There are always early arrivals, but when will the big schools of mixed-size fish show up?  The third and fourth weeks of the month should see some fish from Atlantic City to Long Beach Island, but it’s no guarantee because the migration can stall at any point – or it can show early (thinking positive here in the south).  Skippers that fish out of ports to the south often find themselves running and gunning up the coast when seas are calm in order to find the lead edge of the ocean migrants.  Long story made short: It’s inexact when the big stocks of bass invade South Jersey waters so anglers are wise to be ready.

On The Move

Trolling has been the most reliable way to produce fish ranging from runts to cows. Playing the percentages, captains that have their choice gear in the water as the sun is breaking the horizon have the best chance at scoring before fish push out past the three-mile line. There are days that fish remain close to the beach, but far too many outings see the birds, bait and bass exit nearshore waters very early making a dawn run essential.

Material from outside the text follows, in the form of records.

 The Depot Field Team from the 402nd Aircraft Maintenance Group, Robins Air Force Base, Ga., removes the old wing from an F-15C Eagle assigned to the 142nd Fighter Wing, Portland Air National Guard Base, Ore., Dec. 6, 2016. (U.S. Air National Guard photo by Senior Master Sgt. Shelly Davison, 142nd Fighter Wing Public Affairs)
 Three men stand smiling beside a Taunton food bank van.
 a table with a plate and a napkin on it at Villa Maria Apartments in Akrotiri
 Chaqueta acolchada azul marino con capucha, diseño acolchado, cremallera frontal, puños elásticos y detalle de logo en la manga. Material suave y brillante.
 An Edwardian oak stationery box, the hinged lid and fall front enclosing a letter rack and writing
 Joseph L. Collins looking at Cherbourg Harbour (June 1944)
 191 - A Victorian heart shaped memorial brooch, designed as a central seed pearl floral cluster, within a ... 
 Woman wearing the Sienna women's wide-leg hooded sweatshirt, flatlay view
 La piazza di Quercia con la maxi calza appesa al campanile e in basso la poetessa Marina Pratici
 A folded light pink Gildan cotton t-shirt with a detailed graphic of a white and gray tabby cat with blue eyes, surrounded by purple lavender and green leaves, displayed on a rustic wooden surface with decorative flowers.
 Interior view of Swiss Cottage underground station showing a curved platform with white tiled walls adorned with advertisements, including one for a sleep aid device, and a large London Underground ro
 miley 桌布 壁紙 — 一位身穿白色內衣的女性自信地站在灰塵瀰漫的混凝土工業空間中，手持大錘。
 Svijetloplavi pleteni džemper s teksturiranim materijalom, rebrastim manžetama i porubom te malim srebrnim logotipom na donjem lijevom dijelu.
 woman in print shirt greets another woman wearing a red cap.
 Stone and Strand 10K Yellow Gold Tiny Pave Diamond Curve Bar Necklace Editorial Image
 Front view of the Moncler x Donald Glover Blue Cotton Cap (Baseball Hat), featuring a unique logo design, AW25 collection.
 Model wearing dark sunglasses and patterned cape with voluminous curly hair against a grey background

Anglers dragging their trusty mojos or umbrella rigs at different depths in the water column are likely to succeed as the tactic is deadly-successful. Several heavy mojos down near the bottom with other tandems running mid column create a spread that is hard to beat. Bluewater Candy Lures out of North Carolina has been making effective mojos for over twenty years that can be depended upon for proven results. Productive local options are made by Sterling Tackle and Tony Maja Products for those looking to buy from New Jersey fishing companies.  Speaking of which, try adding a couple Maja #4 spoons to any mojo spread really creates a delectable spread of lures for bass to choose from. Fishermen can troll with confidence knowing they have all the right gear deployed.

striper girl
When November weather keeps you inside, the back country waters of South Jersey offer plenty of options for finding calm water and good fishing.

It’s prudent for anglers to obtain a full live well of menhaden if livelining opportunities present themselves. Often, when trolling 2 to 3 miles off the beach, striped bass marks will become evident on the sounder. When this happens, come off the troll and drop live baits on their marks. When the marks dry up, fishermen should bring in the lines and repeat the process of searching for more clusters of marks.

When stripers erupt on the surface, there’s nothing quite as effective as tossing Tsunami swim shads that are the size of adult bunker. The large paddle tails tossed into the melee will produce fish that bite and fish that follow. Offshore eruptions are also an opportunity for fisherman to break out oversized poppers that imitate bunker or herring. Cotton Cordell and Guide’s Secret pencil poppers are stalwart choices. When the action begins to drop out, skippers that go back on the troll will pick off a few more fish before everything completely breaks up and the bite dies.

South Jersey anglers that have been waiting their turn in line are about to get their ride on the striped bass, migration train.  Where, how and the strategy each fisherman chooses is up to them, but rest assured, those choices will be there in November.